- [Raw data]:
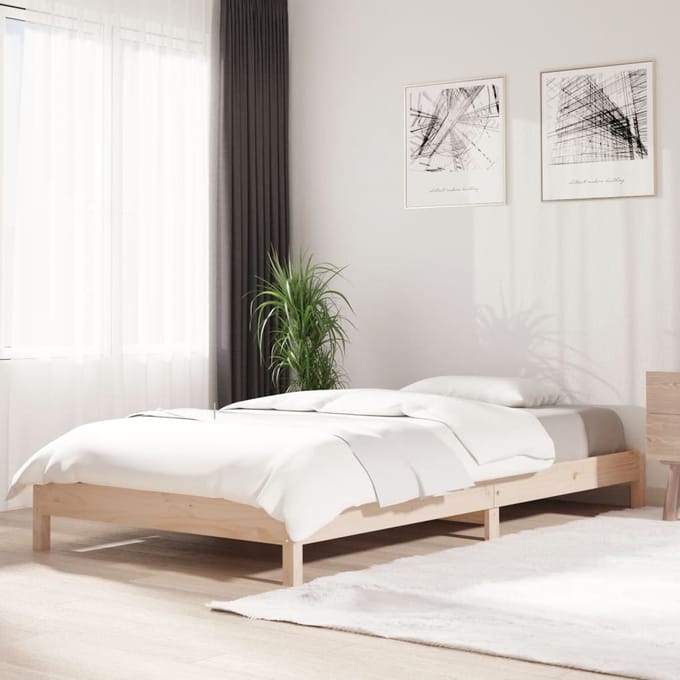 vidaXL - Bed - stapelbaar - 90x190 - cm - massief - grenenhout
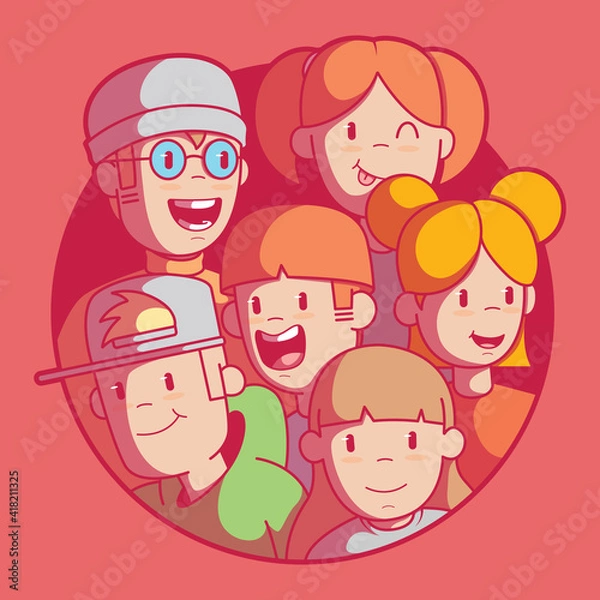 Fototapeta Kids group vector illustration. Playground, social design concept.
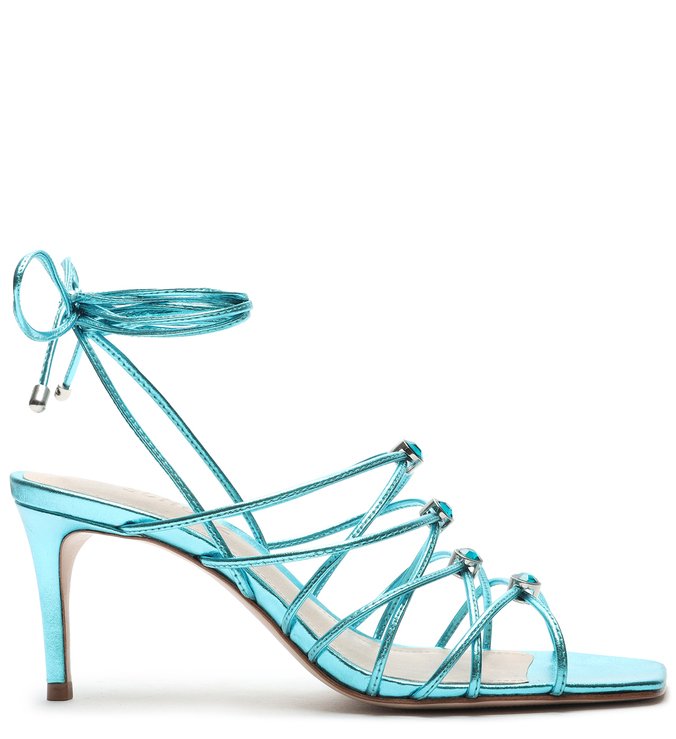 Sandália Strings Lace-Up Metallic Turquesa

- [Problem requirements]: Pictures are not part of the copy; transcribe the rest of the data verbatim.

- [Output of the task]:
 vidaXL - Bed - stapelbaar - 90x190 - cm - massief - grenenhout
 Fototapeta Kids group vector illustration. Playground, social design concept.
 Sandália Strings Lace-Up Metallic Turquesa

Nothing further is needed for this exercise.